Ballarat Gateway

CLIENT |  Nigro Group

TYPE | Architecture, Interior Design, documentation

SECTOR | Mixed Use, hotel, hospitality, retail, childcare, leisure, workspace

STATUS | Design Development

LOCATION | BALLARAT, VIC

HEIGHT | Hotel: 30m, 10 Storeys, Office: 26m, 7 storeys

SCALE | GFA: 22,000 sqm, Site 3,662 sqm, 104 keys

Renders | Plus Architecture

A landmark progressive regeneration within the Ballarat Station Southside Precinct, set to deliver an accessible community destination for Ballarat encompassing hotel, hospitality, retail, childcare, leisure and workspace tenancies.

Our Ballarat gateway regeneration design acts a biography of its site, creating a visual tapestry of its diverse history, from the Victorian design heritage and industrial mining era, to the indigenous history of the traditional landowners.

By weaving together past chapters, it encourages an inclusive and connected future. The contemporary design sees the previously isolated train station woven into the CBD’s fabric, while also providing inspiring destinations in which to congregate, dine and stay —a reinvigorated ‘welcome’ to Ballarat - or "balla arat " in local language, meaning "resting place".

Encompassing 116-122 Lydiard Street and 8-10 Mair street, the site rests at a crossroads of streetscapes. Lydiard Street hosts heritage facades, while Mair Street exudes a contemporary industrial aesthetic. We elevated connectivity between them by utilizing Coffee Palace Lane to link the station to the new precinct, and incorporated a bridge that runs from Station South Plaza over Coffee Palace Lane.

The mixed-use design incorporates a 100-bed hotel, retail, hospitality, office space, childcare, wellness facilities, and a rooftop terrace with a bar and swimming pool. By scrutinising the potential of every nook of space, our activated design allows the site to become not only an uplifting welcome from the train station, but also a destination in its own right. 

Conceptually we aspired to physically bridge this arm of the city to the CBD, and to visually link the nuances of Ballarat’s historic chapters in a considerate way, that would provoke thought to its potential future. 

Having engaged with the Wadawurrung People, who emphasised that visitors should be subtly immersed and educated on the traditional ownership of the land, we incorporated QR codes within core congregation areas of the precinct to provide learnings. Additionally, the bridge will be named in recognition of the Wadawurrung People and aesthetic elements, such as paving patterns, will respectfully echo traditional design. 

The artistic sloping form is inspired by the surrounding Victorian silhouettes, reviving the essence of the renaissance-style bluestone builds, while the scale of the project nods to local industrial history. Ocular windows are featured, the circular form referencing the train station and its function revolving around time. 
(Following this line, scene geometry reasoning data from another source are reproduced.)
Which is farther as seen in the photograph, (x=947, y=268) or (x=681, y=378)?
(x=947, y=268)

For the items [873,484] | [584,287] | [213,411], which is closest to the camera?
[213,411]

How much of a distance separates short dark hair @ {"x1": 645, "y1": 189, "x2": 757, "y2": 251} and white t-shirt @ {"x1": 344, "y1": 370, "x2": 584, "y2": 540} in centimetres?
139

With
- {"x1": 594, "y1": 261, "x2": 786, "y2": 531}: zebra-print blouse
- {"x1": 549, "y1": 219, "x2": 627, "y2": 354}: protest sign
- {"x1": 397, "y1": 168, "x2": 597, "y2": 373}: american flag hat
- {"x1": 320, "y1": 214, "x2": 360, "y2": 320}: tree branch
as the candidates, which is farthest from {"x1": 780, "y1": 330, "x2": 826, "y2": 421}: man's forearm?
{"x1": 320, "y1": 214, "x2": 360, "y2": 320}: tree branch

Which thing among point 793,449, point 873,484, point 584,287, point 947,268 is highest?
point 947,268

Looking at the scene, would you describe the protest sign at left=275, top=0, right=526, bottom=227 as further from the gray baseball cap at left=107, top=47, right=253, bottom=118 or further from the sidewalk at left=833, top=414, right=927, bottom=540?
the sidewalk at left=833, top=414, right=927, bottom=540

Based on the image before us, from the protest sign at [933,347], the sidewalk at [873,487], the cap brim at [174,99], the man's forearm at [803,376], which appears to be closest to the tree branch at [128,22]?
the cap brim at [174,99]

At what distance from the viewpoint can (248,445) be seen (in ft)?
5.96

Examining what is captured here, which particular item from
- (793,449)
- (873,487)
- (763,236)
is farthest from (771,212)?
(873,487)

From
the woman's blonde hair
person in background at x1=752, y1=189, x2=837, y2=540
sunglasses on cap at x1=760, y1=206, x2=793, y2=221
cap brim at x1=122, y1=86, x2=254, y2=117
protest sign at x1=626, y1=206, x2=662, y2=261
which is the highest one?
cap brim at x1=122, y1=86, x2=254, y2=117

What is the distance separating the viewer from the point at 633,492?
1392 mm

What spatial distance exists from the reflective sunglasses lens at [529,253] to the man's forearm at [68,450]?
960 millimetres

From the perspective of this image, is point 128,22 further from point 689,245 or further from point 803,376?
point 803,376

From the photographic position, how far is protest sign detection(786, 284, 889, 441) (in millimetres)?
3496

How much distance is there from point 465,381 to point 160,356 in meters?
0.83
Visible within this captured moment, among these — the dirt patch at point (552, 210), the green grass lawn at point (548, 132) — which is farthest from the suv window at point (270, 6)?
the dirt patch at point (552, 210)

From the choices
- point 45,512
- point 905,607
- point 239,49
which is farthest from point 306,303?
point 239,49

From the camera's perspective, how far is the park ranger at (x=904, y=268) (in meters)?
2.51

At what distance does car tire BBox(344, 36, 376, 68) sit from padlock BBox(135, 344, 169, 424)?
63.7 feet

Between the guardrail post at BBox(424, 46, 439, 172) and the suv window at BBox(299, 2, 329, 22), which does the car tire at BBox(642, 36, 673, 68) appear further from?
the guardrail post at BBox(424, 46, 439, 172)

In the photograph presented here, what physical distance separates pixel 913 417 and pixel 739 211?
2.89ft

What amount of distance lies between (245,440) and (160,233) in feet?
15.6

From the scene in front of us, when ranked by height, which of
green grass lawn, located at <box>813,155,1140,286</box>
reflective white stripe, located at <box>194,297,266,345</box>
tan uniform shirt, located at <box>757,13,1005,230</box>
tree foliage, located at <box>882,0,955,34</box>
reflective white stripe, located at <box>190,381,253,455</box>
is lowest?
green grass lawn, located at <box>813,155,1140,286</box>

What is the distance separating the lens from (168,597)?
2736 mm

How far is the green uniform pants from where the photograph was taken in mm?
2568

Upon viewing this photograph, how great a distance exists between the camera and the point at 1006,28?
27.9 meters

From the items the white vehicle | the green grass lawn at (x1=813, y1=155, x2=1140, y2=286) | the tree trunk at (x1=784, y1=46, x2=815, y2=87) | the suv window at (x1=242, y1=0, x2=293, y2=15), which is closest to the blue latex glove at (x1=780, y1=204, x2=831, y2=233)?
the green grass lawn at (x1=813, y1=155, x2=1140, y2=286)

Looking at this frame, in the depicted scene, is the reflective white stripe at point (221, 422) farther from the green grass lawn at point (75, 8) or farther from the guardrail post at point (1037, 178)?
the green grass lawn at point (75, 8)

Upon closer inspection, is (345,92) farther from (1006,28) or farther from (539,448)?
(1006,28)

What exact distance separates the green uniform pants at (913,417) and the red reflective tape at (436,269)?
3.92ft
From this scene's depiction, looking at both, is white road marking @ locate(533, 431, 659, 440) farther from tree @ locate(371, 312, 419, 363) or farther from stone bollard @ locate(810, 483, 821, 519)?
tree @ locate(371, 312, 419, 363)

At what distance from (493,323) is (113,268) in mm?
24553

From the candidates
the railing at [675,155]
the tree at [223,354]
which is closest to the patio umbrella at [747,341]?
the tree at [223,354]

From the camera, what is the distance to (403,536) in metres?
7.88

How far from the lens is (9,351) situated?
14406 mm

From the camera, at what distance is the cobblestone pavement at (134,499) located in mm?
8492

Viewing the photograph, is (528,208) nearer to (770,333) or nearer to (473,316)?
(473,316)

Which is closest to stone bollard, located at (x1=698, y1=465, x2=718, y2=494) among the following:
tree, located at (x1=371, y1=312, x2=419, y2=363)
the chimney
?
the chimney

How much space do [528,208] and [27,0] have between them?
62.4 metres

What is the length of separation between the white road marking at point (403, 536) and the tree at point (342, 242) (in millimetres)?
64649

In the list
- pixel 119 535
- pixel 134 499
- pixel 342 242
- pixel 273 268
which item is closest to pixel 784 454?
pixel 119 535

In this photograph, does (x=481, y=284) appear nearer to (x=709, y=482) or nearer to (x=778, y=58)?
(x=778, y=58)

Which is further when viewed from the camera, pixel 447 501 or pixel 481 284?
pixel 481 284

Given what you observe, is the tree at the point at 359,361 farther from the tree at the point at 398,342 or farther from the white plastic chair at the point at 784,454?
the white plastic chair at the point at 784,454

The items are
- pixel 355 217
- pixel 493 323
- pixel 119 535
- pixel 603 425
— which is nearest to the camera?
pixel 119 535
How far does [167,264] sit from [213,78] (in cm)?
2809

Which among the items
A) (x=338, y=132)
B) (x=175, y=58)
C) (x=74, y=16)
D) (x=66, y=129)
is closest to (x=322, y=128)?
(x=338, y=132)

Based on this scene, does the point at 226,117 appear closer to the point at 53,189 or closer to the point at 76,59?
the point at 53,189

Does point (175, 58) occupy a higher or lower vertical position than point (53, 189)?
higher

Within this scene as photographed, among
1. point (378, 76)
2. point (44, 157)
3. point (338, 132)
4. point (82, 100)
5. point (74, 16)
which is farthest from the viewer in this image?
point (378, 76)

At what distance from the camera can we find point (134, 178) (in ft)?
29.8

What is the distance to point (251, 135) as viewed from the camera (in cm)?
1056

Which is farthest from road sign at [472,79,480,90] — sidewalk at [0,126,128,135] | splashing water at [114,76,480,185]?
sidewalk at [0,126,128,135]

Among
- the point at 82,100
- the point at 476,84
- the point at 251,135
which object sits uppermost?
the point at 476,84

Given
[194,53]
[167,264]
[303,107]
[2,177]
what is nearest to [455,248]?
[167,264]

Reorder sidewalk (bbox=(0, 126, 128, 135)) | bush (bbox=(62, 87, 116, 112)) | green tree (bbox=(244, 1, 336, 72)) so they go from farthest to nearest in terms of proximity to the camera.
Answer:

Although a streamlined and refined outcome, dispersing earthy reflections that shimmer with daylight transitions, the panelled façade is deceivingly complex. Fabricated from locally sourced metals and high-performance glazing, with photovoltaic and solar panels integrated, the façade embraces advanced technology and incorporates sustainability as a core architectural feature. Alongside Carbon Neutral Certification, the design achieved a NABERS rating of 5 for the Hotel and 5.5 for the work space, and a 4-star Green Star building rating. 

At ground-level, curved archways are repeated throughout, representing physical gateways, these visual invitations open the site to visitors. Passing under the hotel-entry archway, as though through a portal, guests are steered past dining and gathering zones to reception. Above, voids throughout the upper floors usher natural light into the 6000sqm office space. 
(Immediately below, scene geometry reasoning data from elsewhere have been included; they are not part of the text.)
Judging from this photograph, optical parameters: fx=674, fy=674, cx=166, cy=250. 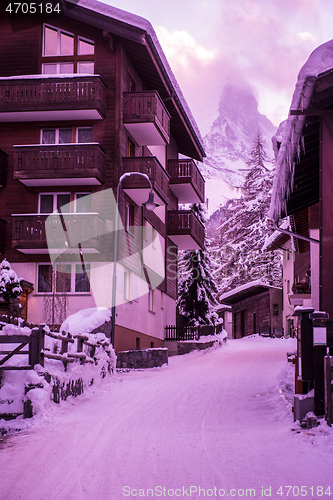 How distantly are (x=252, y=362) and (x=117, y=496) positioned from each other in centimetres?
1950

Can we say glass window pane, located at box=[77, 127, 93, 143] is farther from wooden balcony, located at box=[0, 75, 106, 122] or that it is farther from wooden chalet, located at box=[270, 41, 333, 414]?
wooden chalet, located at box=[270, 41, 333, 414]

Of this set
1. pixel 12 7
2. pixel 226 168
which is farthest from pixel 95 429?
pixel 226 168

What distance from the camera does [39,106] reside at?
87.7 feet

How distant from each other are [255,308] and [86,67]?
31179 mm

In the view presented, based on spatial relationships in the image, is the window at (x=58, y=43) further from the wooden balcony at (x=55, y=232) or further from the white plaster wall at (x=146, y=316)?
the white plaster wall at (x=146, y=316)

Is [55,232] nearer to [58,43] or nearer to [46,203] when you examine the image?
[46,203]

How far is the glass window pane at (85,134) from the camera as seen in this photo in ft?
90.9

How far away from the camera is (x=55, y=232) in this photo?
2584 centimetres

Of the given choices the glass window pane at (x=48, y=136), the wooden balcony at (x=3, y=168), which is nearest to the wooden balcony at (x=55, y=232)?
the wooden balcony at (x=3, y=168)

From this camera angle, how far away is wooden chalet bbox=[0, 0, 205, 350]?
85.8 feet

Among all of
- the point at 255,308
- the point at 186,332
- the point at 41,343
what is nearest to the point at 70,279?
the point at 186,332

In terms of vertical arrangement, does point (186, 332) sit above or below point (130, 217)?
below

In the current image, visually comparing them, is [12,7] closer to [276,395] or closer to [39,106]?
[39,106]

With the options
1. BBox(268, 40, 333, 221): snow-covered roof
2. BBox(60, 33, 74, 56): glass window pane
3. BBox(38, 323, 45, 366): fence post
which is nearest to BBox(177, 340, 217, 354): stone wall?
BBox(60, 33, 74, 56): glass window pane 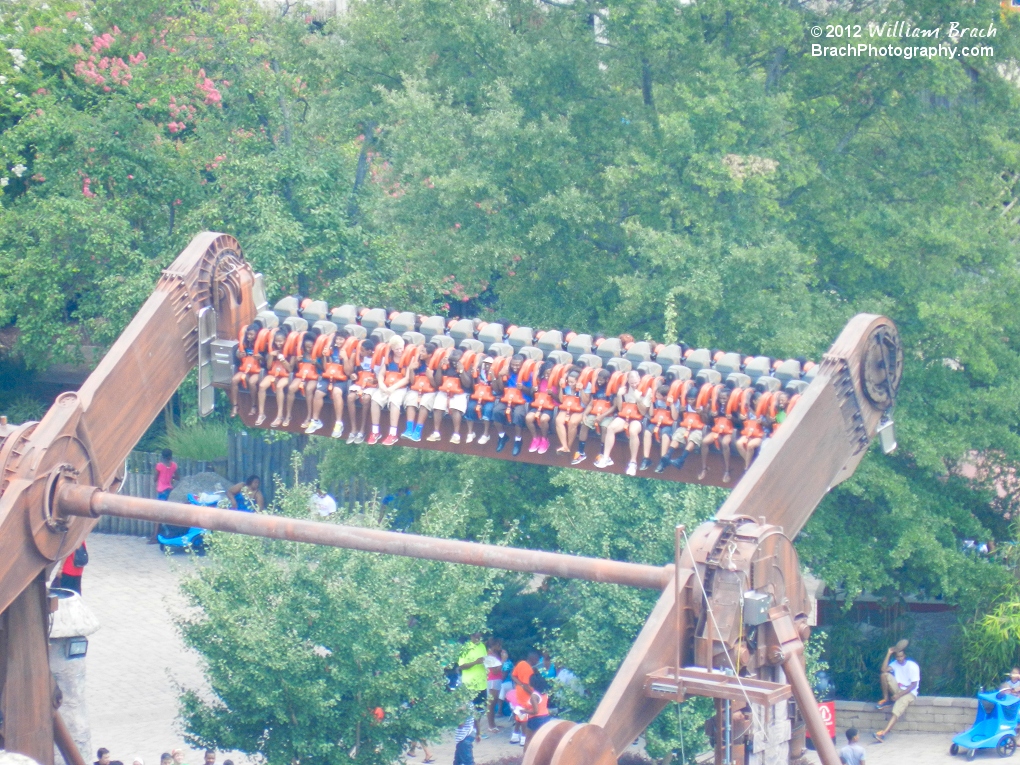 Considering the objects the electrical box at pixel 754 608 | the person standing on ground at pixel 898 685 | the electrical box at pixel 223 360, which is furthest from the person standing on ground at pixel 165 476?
the electrical box at pixel 754 608

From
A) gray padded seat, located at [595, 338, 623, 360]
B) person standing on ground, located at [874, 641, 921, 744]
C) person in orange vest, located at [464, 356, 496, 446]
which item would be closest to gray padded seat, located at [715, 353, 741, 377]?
gray padded seat, located at [595, 338, 623, 360]

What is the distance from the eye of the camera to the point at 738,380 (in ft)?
36.3

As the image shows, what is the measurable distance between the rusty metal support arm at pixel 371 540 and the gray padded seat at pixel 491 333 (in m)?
3.31

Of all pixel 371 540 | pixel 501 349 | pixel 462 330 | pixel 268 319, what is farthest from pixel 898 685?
pixel 371 540

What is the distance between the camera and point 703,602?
8.55m

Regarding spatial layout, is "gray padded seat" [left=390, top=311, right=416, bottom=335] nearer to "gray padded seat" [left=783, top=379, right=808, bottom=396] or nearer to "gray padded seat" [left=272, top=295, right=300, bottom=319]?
"gray padded seat" [left=272, top=295, right=300, bottom=319]

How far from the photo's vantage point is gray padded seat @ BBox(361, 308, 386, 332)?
12.7m

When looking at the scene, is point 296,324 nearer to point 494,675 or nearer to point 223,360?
point 223,360

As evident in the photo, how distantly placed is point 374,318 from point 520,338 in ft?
4.88

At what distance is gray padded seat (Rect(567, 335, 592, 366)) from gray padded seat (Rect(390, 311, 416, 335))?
1574mm

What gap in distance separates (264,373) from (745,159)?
795 centimetres

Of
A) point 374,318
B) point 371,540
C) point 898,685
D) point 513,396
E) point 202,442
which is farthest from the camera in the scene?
point 202,442

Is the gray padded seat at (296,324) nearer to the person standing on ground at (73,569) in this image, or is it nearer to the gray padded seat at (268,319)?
the gray padded seat at (268,319)

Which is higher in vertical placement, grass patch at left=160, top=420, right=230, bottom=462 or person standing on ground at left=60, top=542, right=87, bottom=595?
grass patch at left=160, top=420, right=230, bottom=462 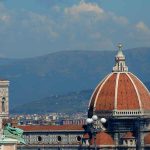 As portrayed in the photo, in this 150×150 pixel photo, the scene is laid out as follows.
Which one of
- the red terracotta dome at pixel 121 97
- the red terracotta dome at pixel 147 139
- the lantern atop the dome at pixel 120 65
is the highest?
the lantern atop the dome at pixel 120 65

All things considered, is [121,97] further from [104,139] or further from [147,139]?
[147,139]

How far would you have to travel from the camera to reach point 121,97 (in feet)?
471

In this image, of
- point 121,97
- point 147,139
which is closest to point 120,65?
point 121,97

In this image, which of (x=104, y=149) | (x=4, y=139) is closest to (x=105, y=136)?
(x=104, y=149)

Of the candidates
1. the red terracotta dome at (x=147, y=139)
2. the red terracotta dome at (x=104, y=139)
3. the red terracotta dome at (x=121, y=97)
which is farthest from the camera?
the red terracotta dome at (x=121, y=97)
 Site challenges, such as its 6m slope, motivated design features. Although various site levels could have hindered accessibility, we decided to work with the tiered structures by incorporating carparks onto multiple levels that reduced ramp requirements, and installing lifts for upper-floor access. The tiered public spaces feature edible native gardens, produce from which can be used in the hospitality venues. 

A highly-involved project, the design deftly moulds a connective tissue between both physical spaces and passages of time, balancing them elegantly and in such a way that project negotiates beyond its original intention of providing connection, rather it conceives an unimposing though unique identity for the site — one that we hope will become part of Ballarat’s ‘future’ heritage.